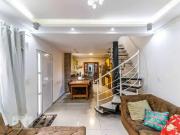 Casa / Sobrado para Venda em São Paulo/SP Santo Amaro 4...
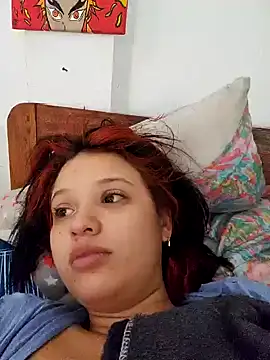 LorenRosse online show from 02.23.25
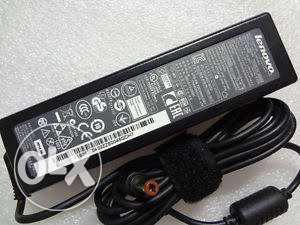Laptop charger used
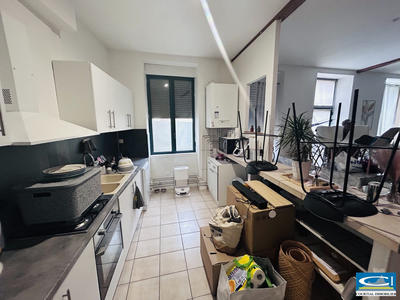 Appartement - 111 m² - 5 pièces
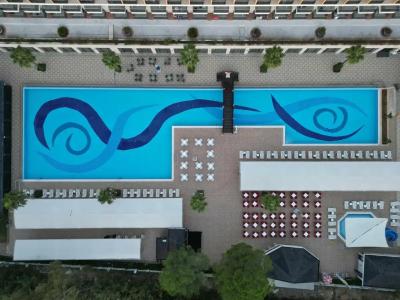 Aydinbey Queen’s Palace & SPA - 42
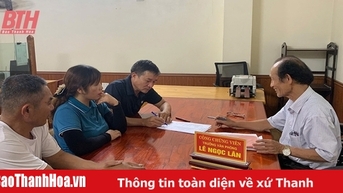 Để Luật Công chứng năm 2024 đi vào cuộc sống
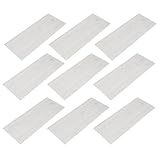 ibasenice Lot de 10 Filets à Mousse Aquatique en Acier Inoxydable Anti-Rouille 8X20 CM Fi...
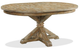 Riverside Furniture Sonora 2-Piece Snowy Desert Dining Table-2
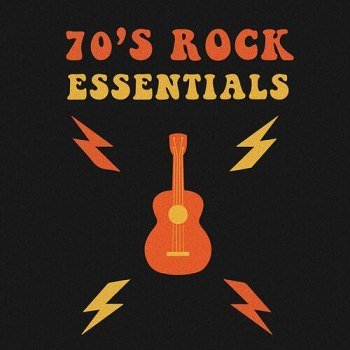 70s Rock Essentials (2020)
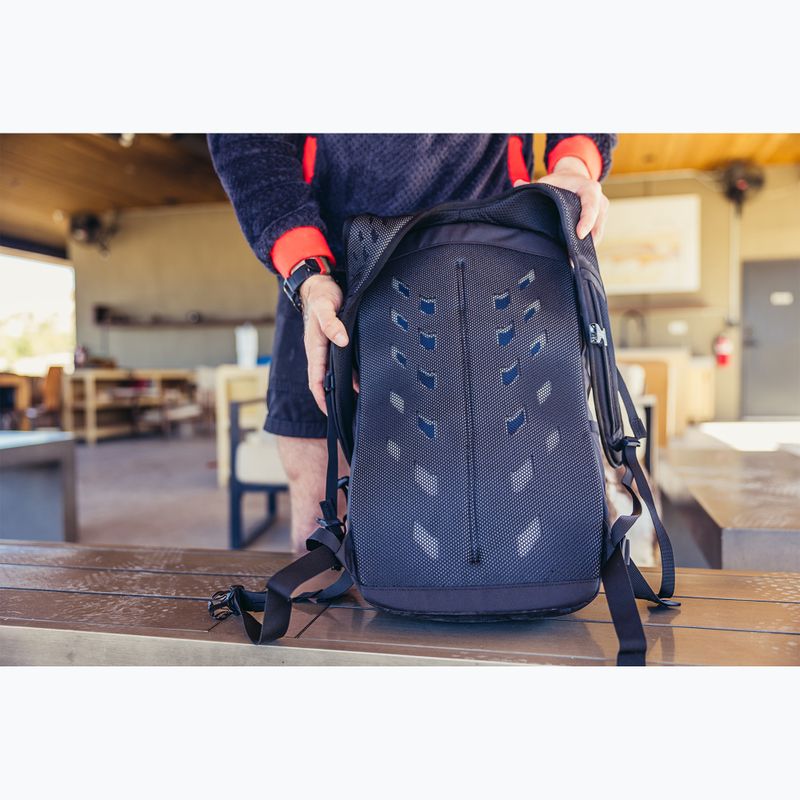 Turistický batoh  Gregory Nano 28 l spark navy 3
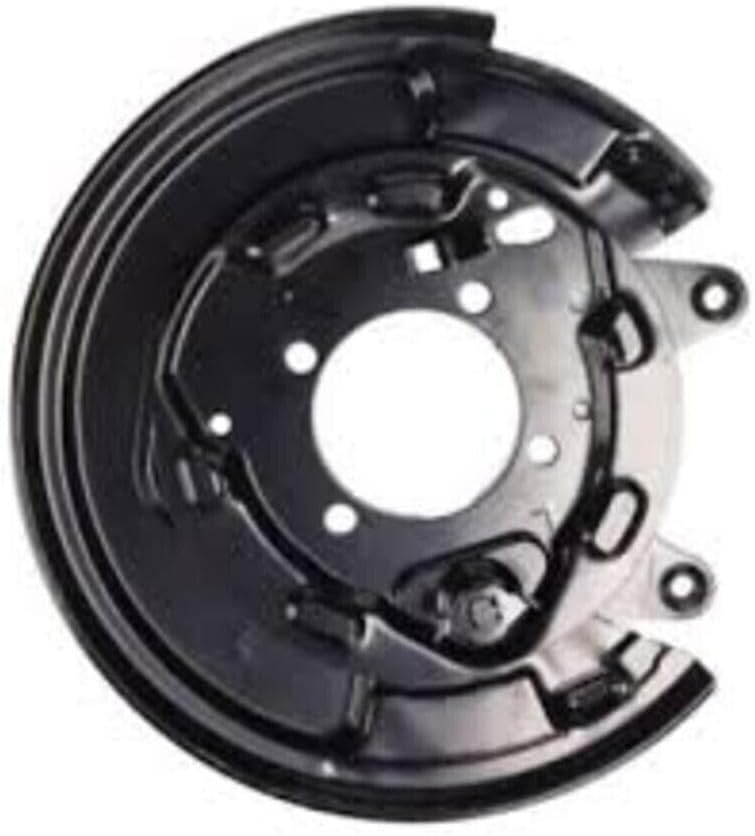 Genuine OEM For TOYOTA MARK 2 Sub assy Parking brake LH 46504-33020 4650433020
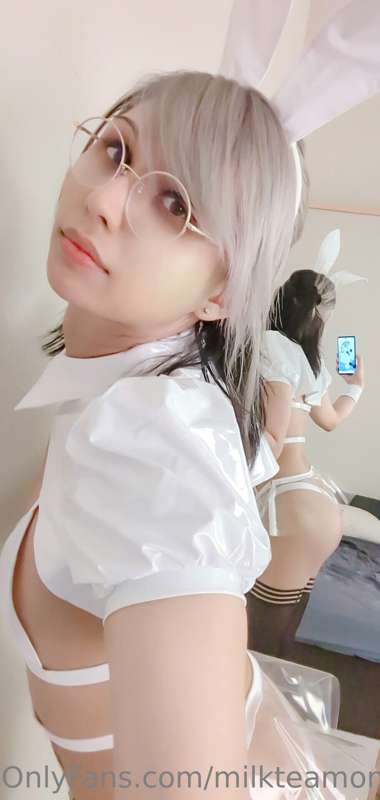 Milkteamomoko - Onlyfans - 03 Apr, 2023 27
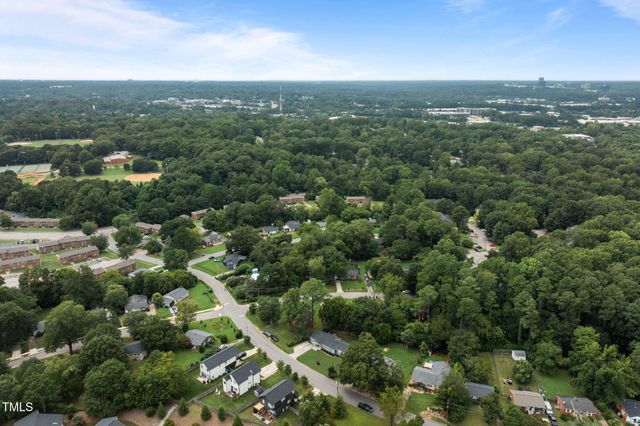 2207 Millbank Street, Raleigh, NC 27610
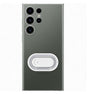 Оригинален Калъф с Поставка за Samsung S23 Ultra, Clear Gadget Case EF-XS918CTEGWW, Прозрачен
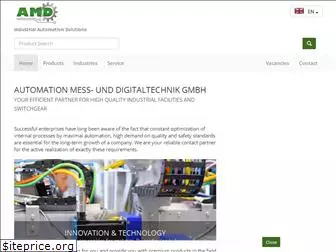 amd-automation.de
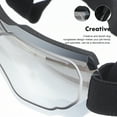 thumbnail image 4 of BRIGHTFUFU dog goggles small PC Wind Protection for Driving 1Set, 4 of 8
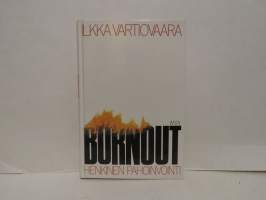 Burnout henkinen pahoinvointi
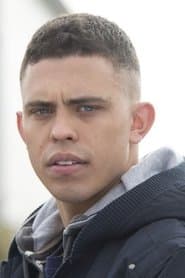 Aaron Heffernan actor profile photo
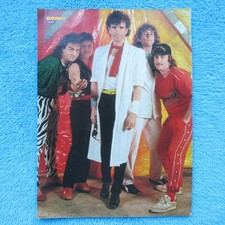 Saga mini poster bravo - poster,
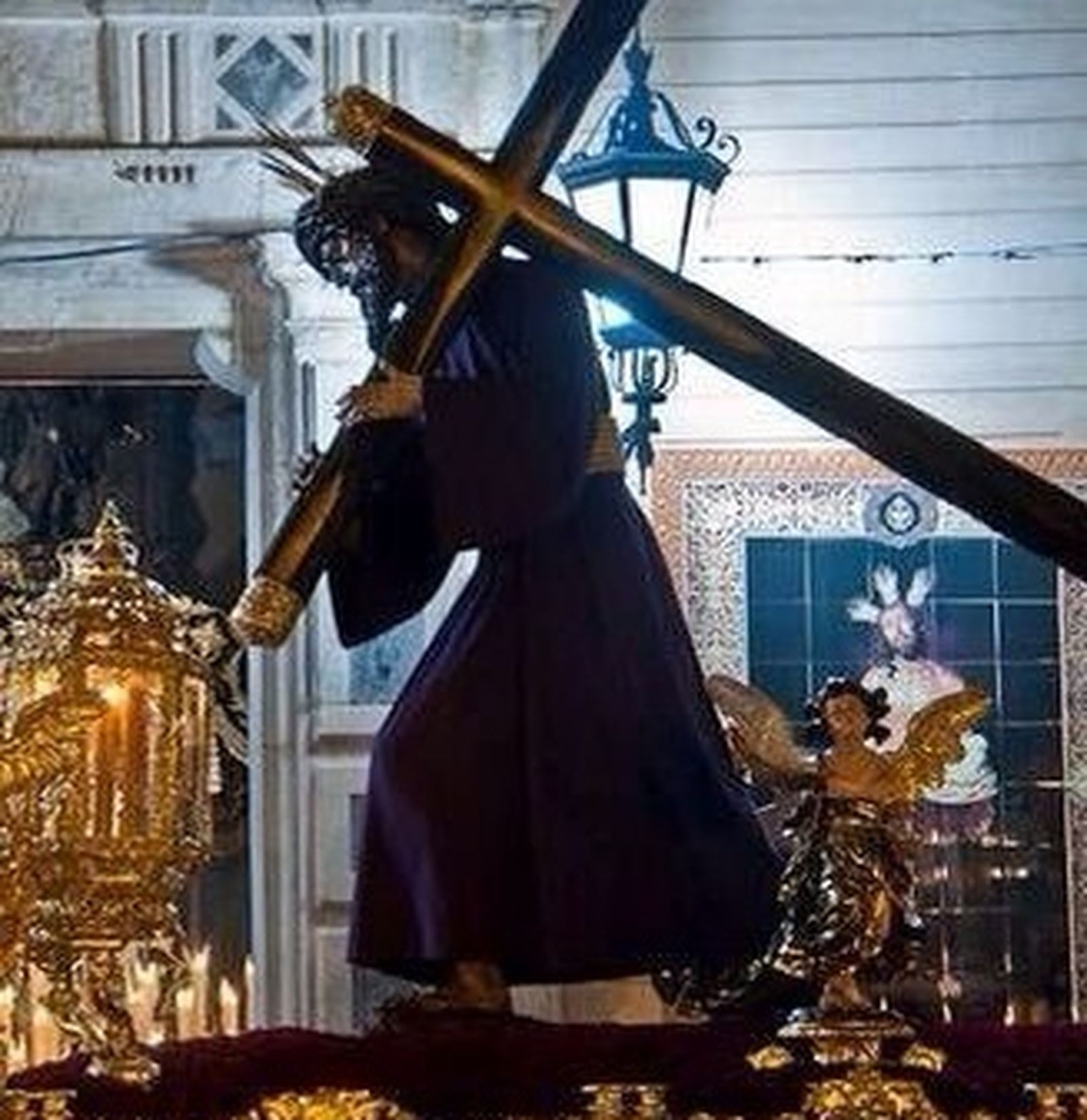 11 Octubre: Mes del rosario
____________
WORK TO COMPLETE - Go through the lines above and write each one out verbatim, skipping the pictures.

EXERCISE OUTPUT -
 Casa / Sobrado para Venda em São Paulo/SP Santo Amaro 4...
 LorenRosse online show from 02.23.25
Laptop charger used
 Appartement - 111 m² - 5 pièces
 Aydinbey Queen’s Palace & SPA - 42
 Để Luật Công chứng năm 2024 đi vào cuộc sống
 ibasenice Lot de 10 Filets à Mousse Aquatique en Acier Inoxydable Anti-Rouille 8X20 CM Fi...
 Riverside Furniture Sonora 2-Piece Snowy Desert Dining Table-2
 70s Rock Essentials (2020)
 Turistický batoh  Gregory Nano 28 l spark navy 3
 Genuine OEM For TOYOTA MARK 2 Sub assy Parking brake LH 46504-33020 4650433020
 Milkteamomoko - Onlyfans - 03 Apr, 2023 27
 2207 Millbank Street, Raleigh, NC 27610
 Оригинален Калъф с Поставка за Samsung S23 Ultra, Clear Gadget Case EF-XS918CTEGWW, Прозрачен
 amd-automation.de
 thumbnail image 4 of BRIGHTFUFU dog goggles small PC Wind Protection for Driving 1Set, 4 of 8
 Burnout henkinen pahoinvointi
 Aaron Heffernan actor profile photo
 Saga mini poster bravo - poster,
 11 Octubre: Mes del rosario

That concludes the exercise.